Blotnik Brothers
»Mizuage«
Text:
Lea Raminuwicz
Ein schwedisches Rave-Duo, das hier mit peitschenden Snaredrums und Hi-Hats über der Bassdrum um die Ecke gerauscht kommt. Rave-Revivals wurden in den letzten Monaten ja bereits mehrere angekündigt. Zumindest eins davon wurde richtig war, nämlich das des britischen Manchester-Raves der Endachtziger, der nun wieder von Bands wie den Klaxons erfolgreich gespielt wird. Dann gab es immer wieder mal auch den verzweifelten Versuch, den Großraum-Rave der Mittneunziger zu revitalisieren, also den Rave der weit ausladenden Ecstasy-Flächen und grünhaarigen, gepiercten DJs.
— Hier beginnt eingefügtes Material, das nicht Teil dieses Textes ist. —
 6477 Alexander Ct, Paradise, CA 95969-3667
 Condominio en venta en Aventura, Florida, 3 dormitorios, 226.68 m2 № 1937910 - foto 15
Auf genau diesen Zug wollen scheinbar auch die Blotnik Brothers aufspringen. Problematisch dabei ist nur, dass es diesen Zug gar nicht so richtig gibt. Nach Minimal Techno scheint sich die Elektronik-Community wieder eher nach organischeren Sounds zu sehnen. Die warmen und schmissigen House- und Discoplatten von Leuten wie Lindstrøm oder Prins Thomas und Labels wie Permanent Vacation oder Innervisions erscheinen da gerade ziemlich wohltuend. Kraftwerk-Adepten wie die Blotnik Brothers haben es mit ihrem unterkühlten Geschepper derzeit ziemlich schwer. Die Art von Vocoder-Stimmen hat man zu oft gehört, die Tracks erscheinen beliebig und austauschbar, haben weitestgehend alle dieselbe bpm-Zahl, die Flächen setzen immer an der gleichen Stelle ein, die Texte versteht man nicht. Erinnert ein bisschen an die letzte Anthony-Rother-Platte. Auch die war ja eher was für Fans. Sorry, aber zu Hause, so ganz ohne Drogen, kann man sich das wirklich nicht lange geben.